# Homemade Fresh water split level tank



## split tank (Aug 11, 2010)

A couple of pics of my self built unusual looking 360 litre:-D tank with real slate background


----------



## gmyers0203 (Apr 7, 2011)

Now that is pretty cool! Very nice!


----------



## split tank (Aug 11, 2010)

thankyou


----------



## iamgray (Jul 16, 2010)

That's super cool... did you take pics along the way while you were building it? That'd be cool to seeas a DIY thread. Unless you made a thread already for it... i haven't looked.


----------



## split tank (Aug 11, 2010)

Hi , thanks! i havent done a thread of this no but i did take a couple of pics along the way , il put something together soon !


----------



## redchigh (Jan 20, 2010)

The cat seems to like it too.

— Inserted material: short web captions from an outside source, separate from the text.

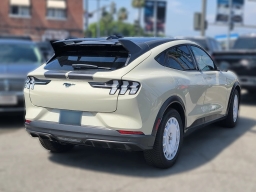 Ford Mustang Mach-E GT AWD 2025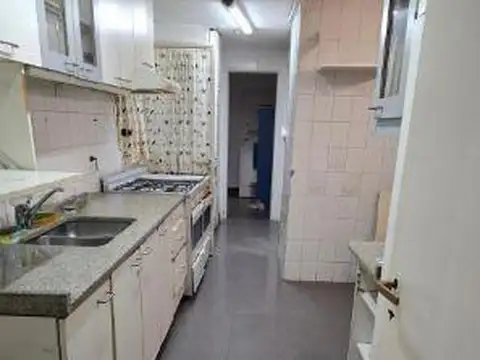 VENTA 4 amb  con dep, 2 baños comp, pallier priv, cochera, seguridad, exc ubic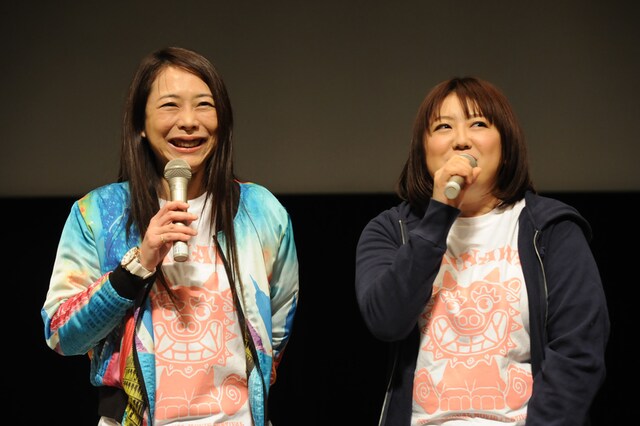 映画「リベンジ・マッチ」のジャパンプレミア上映で舞台挨拶に登壇した、椿鬼奴（左）と森三中・黒沢（右）。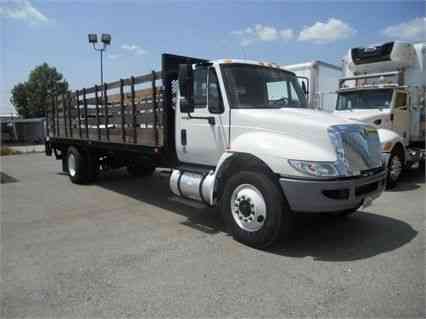 International 4300, 24ft flatbed stakebed with liftgate (2012)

I agree with Kitteh, it's very relaxing.


----------



## Byron (Mar 7, 2009)

Quite ingenious, and very well done.


----------



## redchigh (Jan 20, 2010)

Looks better with the plants... It would be awesome to get a large swordplant or some jungle vals to plant in the low spot... The Vals would easily grow up to the surface.


----------



## Erin8D (Jul 16, 2010)

Wow thatis quite amazing Wish I knew how to make tanks myself!


----------



## split tank (Aug 11, 2010)

yeah i agree, i did put some amazon swords in but they eventually shrunk down and died away iv not had much experience with plants.
i could do with a plant that would take lots of nitrates out my water since my tap water is also high in nitrates.


----------



## Plumkin (Jan 24, 2011)

me and my boyfriend saw this and went :-O!!!! ARRE YOU SEIOURS!! we LOVE IT and want to buy one !


----------



## split tank (Aug 11, 2010)

Cool! i was considering making another just to sell
how much would you pay ?lol 
shame you are in the U.S


----------